(Assignment) Would you repeat the data below exactly, taking out the images?

────────────────────────────────────────

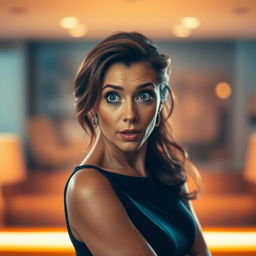 A beautiful 50-year-old woman, standing frontally and looking directly at the camera with a surprised expression that radiates charm and allure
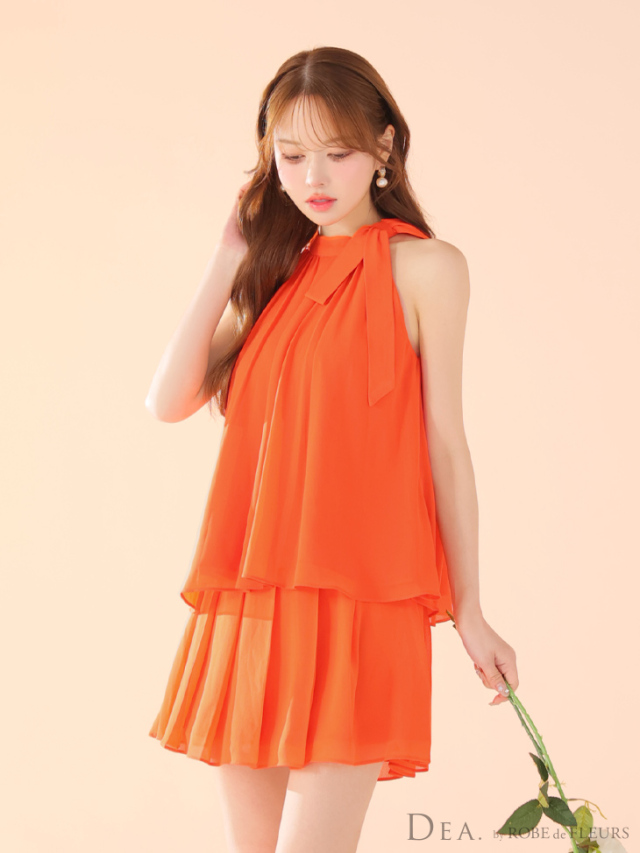 Lサイズあり】サテンシフォンフレアセットアップミニキャバドレス(DE3372)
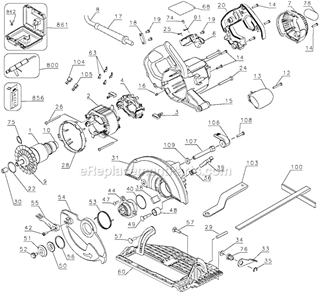 Page A Diagram and Parts List for DW369CSK Type 2 DeWALT Circular Saw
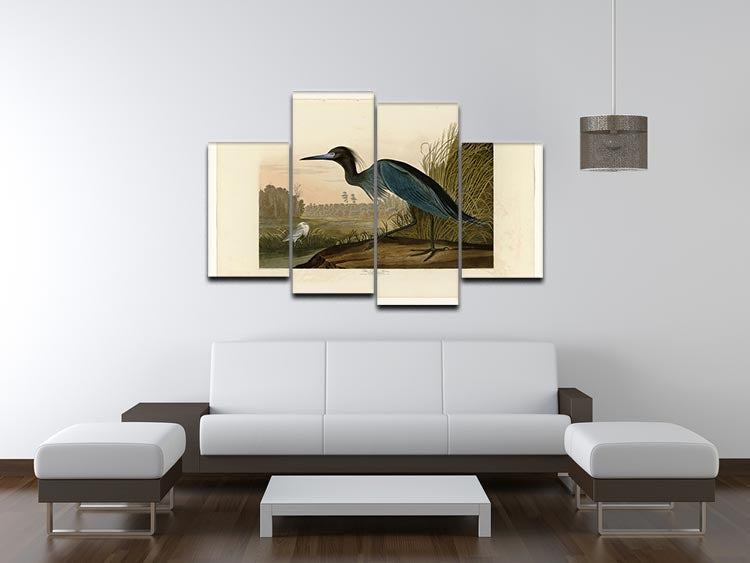 A beautiful 4-split canvas artwork featuring a blue crane, showcasing intricate details and vibrant colors, perfect for home decor.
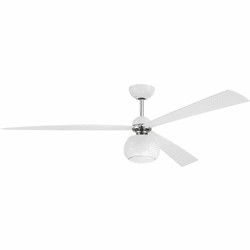 Craftmade OTT60WPLN3 Otto Modern White / Polished Nickel LED 60" Home Ceiling Fan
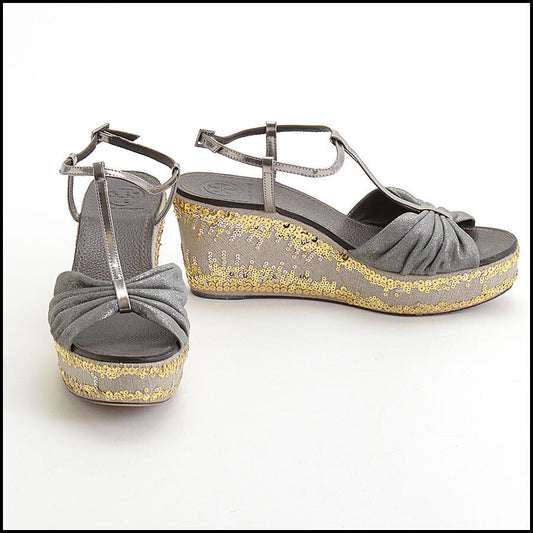RDC13353 Authentic TORY BURCH Silver T-Strap Platform Wedges Size 8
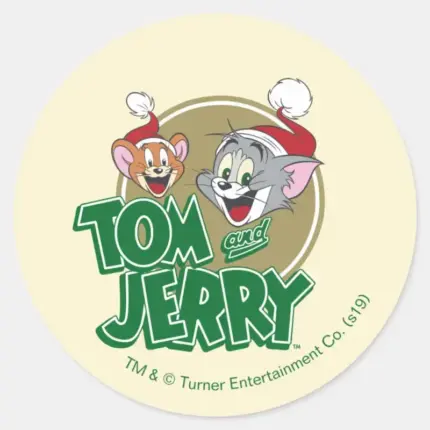 Tom And Jerry Holiday Logo Classic Round Sticker
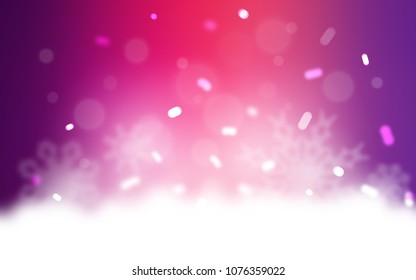 Light Purple, Pink vector cover with beautiful snowflakes. Glitter abstract illustration with crystals of ice. The template can be used as a new year background.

────────────────────────────────────────

(Worked solution)
 A beautiful 50-year-old woman, standing frontally and looking directly at the camera with a surprised expression that radiates charm and allure
 Lサイズあり】サテンシフォンフレアセットアップミニキャバドレス(DE3372)
 Page A Diagram and Parts List for DW369CSK Type 2 DeWALT Circular Saw
 A beautiful 4-split canvas artwork featuring a blue crane, showcasing intricate details and vibrant colors, perfect for home decor.
 Craftmade OTT60WPLN3 Otto Modern White / Polished Nickel LED 60" Home Ceiling Fan
RDC13353 Authentic TORY BURCH Silver T-Strap Platform Wedges Size 8
 Tom And Jerry Holiday Logo Classic Round Sticker
 Light Purple, Pink vector cover with beautiful snowflakes. Glitter abstract illustration with crystals of ice. The template can be used as a new year background.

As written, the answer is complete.